BEGIN
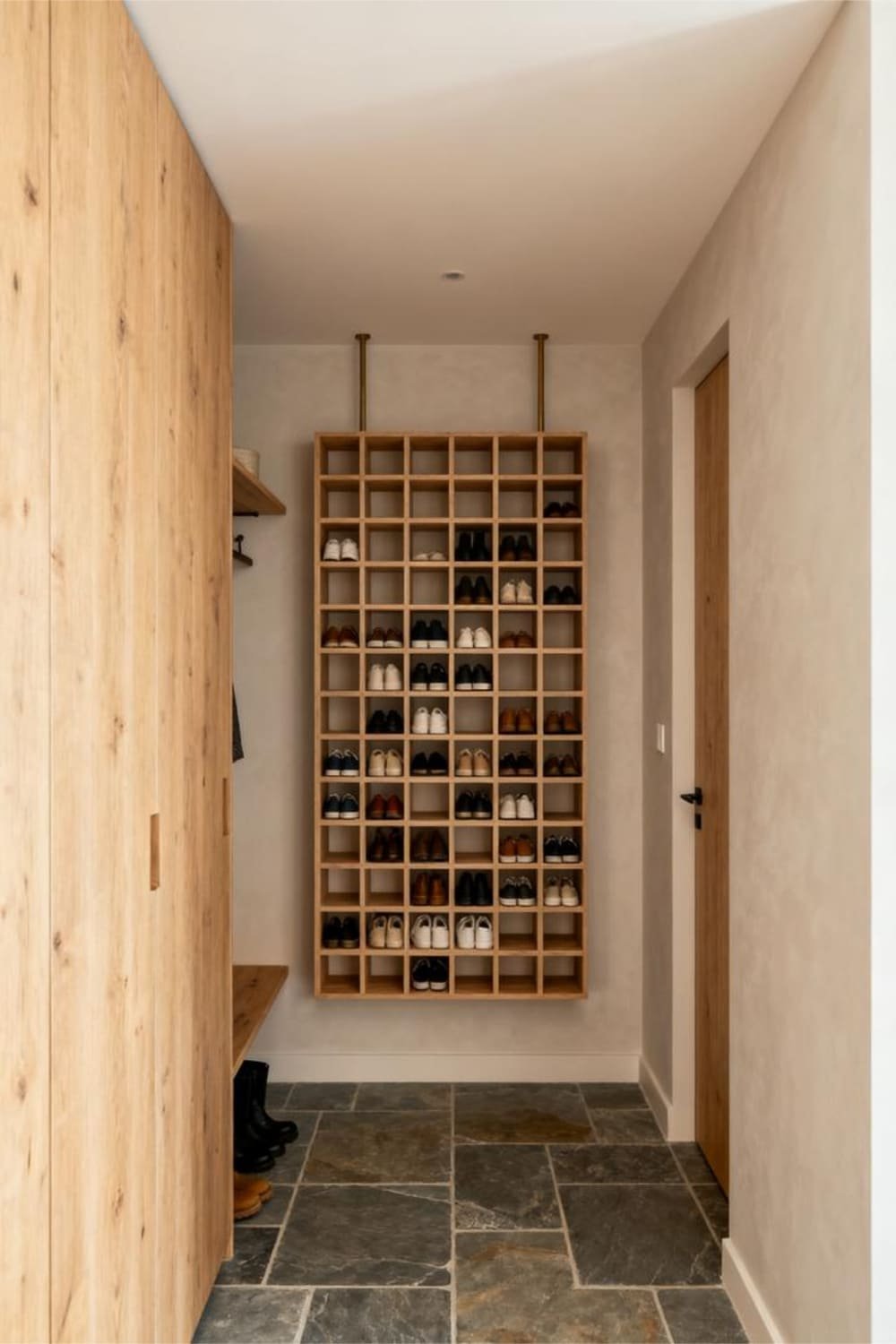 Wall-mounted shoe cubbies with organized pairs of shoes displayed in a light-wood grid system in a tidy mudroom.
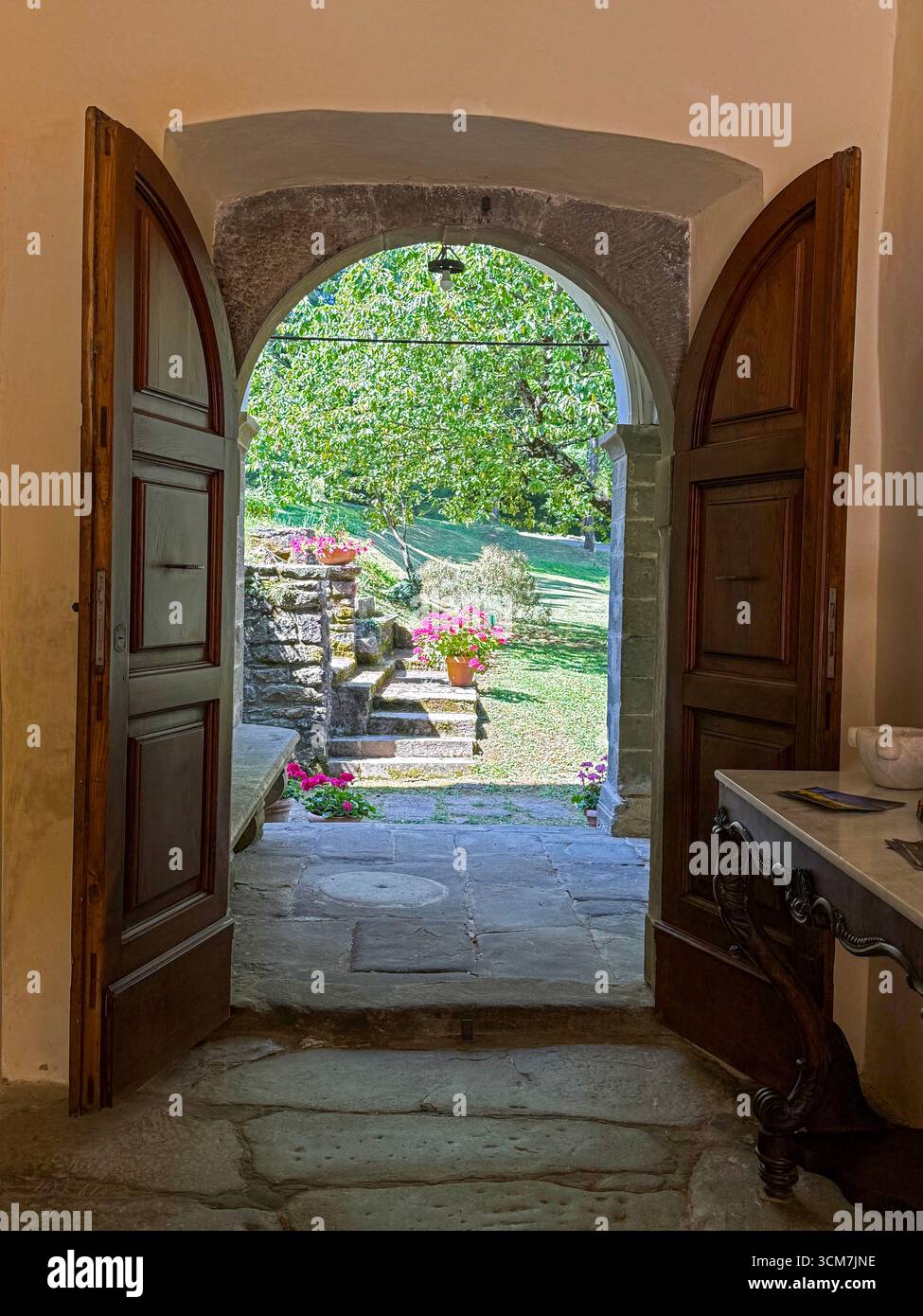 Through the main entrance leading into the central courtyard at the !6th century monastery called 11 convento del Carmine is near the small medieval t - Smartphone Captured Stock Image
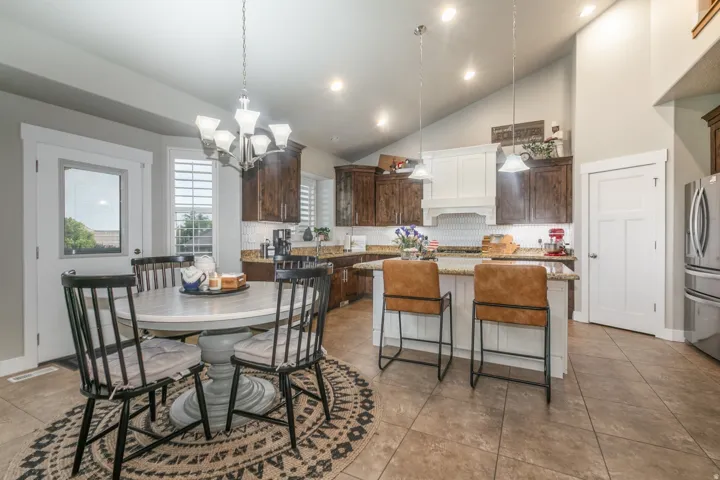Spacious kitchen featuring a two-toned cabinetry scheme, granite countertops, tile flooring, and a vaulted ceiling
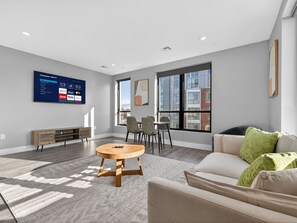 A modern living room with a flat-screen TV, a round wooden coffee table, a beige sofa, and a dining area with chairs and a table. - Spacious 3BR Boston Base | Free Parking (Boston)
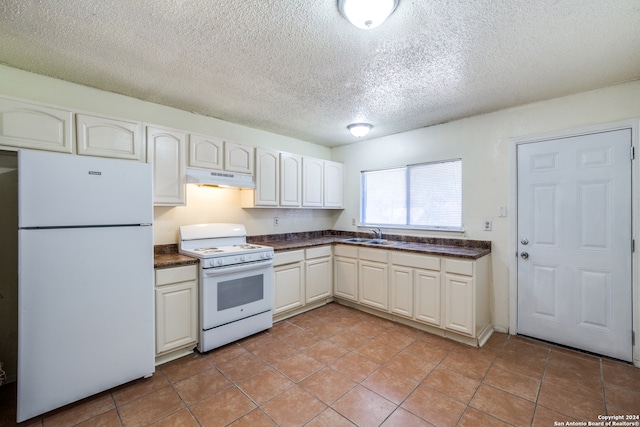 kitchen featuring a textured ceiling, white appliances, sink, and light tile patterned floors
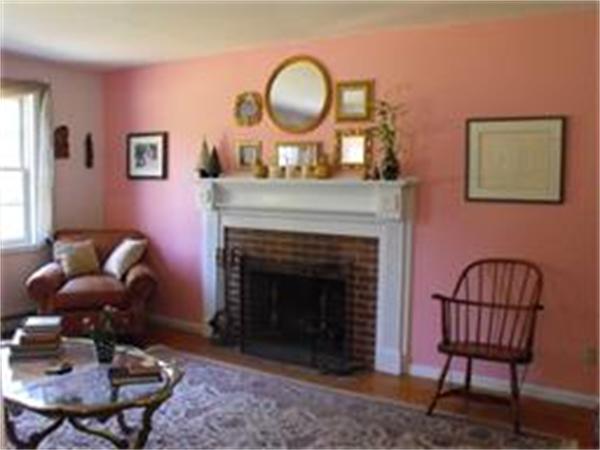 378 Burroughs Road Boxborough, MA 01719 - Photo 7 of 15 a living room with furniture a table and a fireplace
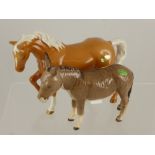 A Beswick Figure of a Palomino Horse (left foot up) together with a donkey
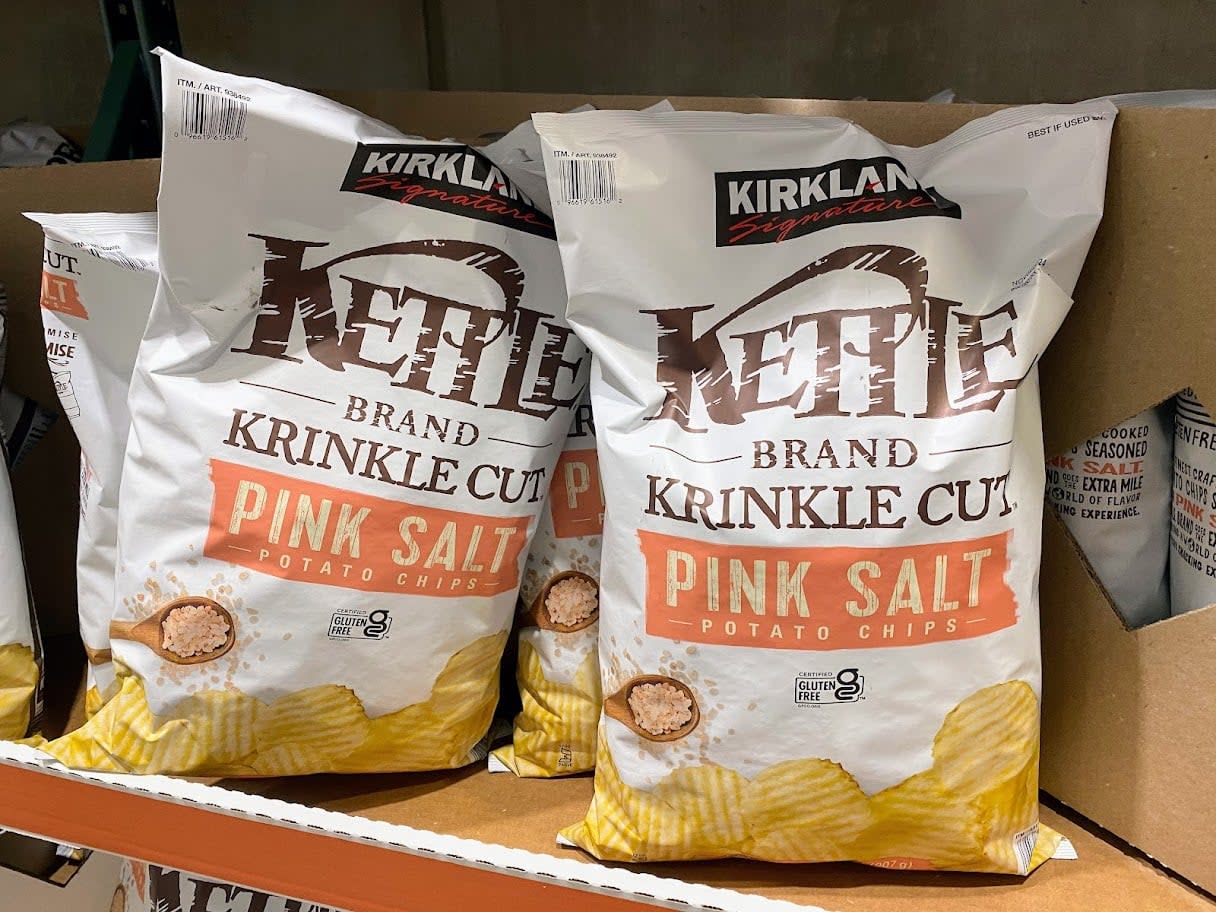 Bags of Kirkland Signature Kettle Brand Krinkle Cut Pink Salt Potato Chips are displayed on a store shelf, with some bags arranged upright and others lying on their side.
END
WORK TO BE COMPLETED → Please copy out the material above exactly, with the images removed.

WORKED SOLUTION →
 Wall-mounted shoe cubbies with organized pairs of shoes displayed in a light-wood grid system in a tidy mudroom.
 Through the main entrance leading into the central courtyard at the !6th century monastery called 11 convento del Carmine is near the small medieval t - Smartphone Captured Stock Image
Spacious kitchen featuring a two-toned cabinetry scheme, granite countertops, tile flooring, and a vaulted ceiling
 A modern living room with a flat-screen TV, a round wooden coffee table, a beige sofa, and a dining area with chairs and a table. - Spacious 3BR Boston Base | Free Parking (Boston)
 kitchen featuring a textured ceiling, white appliances, sink, and light tile patterned floors
 378 Burroughs Road Boxborough, MA 01719 - Photo 7 of 15 a living room with furniture a table and a fireplace
 A Beswick Figure of a Palomino Horse (left foot up) together with a donkey
 Bags of Kirkland Signature Kettle Brand Krinkle Cut Pink Salt Potato Chips are displayed on a store shelf, with some bags arranged upright and others lying on their side.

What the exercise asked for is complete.